Grails: Reconnecting JDBC Connections

At our company we are utilising the well-known Quartz library and Grails plugin for our batch jobs in Grails applications. When going throgh the server log files of our production server I lately came acress this error:

org.apache.tomcat.jdbc.pool.ConnectionPool abandon
WARNING: Connection has been abandoned PooledConnection[com.mysql.jdbc.JDBC4Connection@650599cb]:java.lang.Exception
        at org.apache.tomcat.jdbc.pool.ConnectionPool.getThreadDump(ConnectionPool.java:967)
        at org.apache.tomcat.jdbc.pool.ConnectionPool.borrowConnection(ConnectionPool.java:721)
        at org.apache.tomcat.jdbc.pool.ConnectionPool.borrowConnection(ConnectionPool.java:579)
        at org.apache.tomcat.jdbc.pool.ConnectionPool.getConnection(ConnectionPool.java:174)
        at org.apache.tomcat.jdbc.pool.DataSourceProxy.getConnection(DataSourceProxy.java:111)
        at org.springframework.jdbc.datasource.DataSourceUtils.doGetConnection(DataSourceUtils.java:111)
        at org.springframework.jdbc.datasource.TransactionAwareDataSourceProxy$TransactionAwareInvocationHandler.invoke(TransactionAwareDataSourceProxy.java:224)
        ...
        at grails.plugins.quartz.GrailsJobFactory$GrailsJob.execute(GrailsJobFactory.java:104)
        at org.quartz.Job$execute.call(Unknown Source)
        at grails.plugins.quartz.QuartzDisplayJob.execute(QuartzDisplayJob.groovy:29)
        at org.quartz.core.JobRunShell.run(JobRunShell.java:207)
        at org.quartz.simpl.SimpleThreadPool$WorkerThread.run(SimpleThreadPool.java:560)

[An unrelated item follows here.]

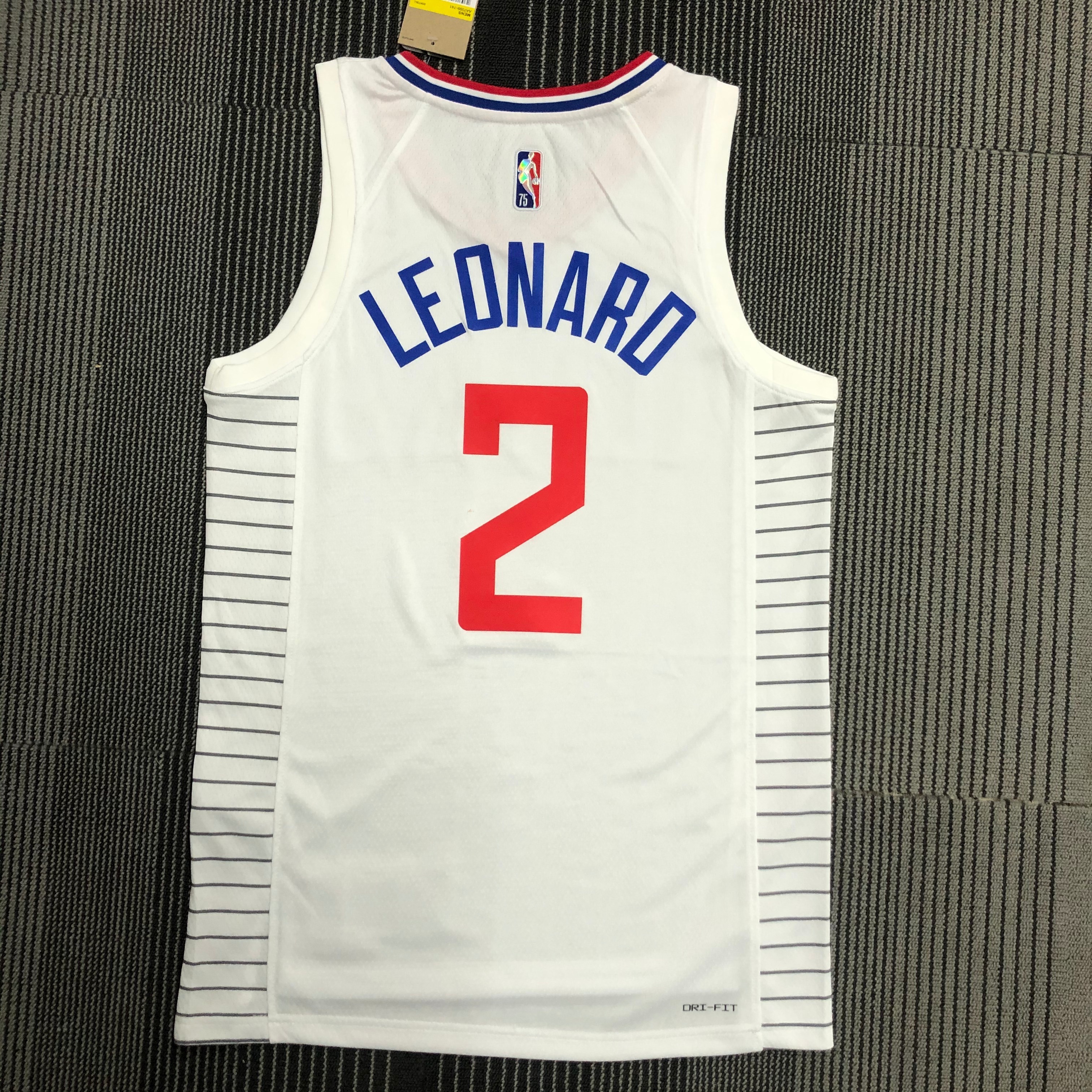 75th anniversary Clippers white No. 2 Leonard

The beginning of the stack-trace showed that the exception was thrown by a Quartz worker thread - so how come the current DB connection was abandoned?

I investigated the connection pool settings and I found the following in the Tomcat connection pool configuration:

removeAbandoned="true"
removeAbandonedTimeout="3600"

The abandoned timeout was set to 3600 seconds aka as one hour. The batch job took over 1 hour, therefore the connection pool abandoned the connection which led to the error above.

A Session in a Quartz Job

As long as the property sessionRequired is not explicitly set to false in a Grails Quartz job class, the Quartz plugin will create a Hibernate session that is bound to the Quartz worker thread. This is done by the SessionBinderJobListener that comes with the Quartz plugin that uses the current persistence context interceptor of type HibernatePersistenceContextInterceptor, it is only enabled when Hibernate is in use as general data store.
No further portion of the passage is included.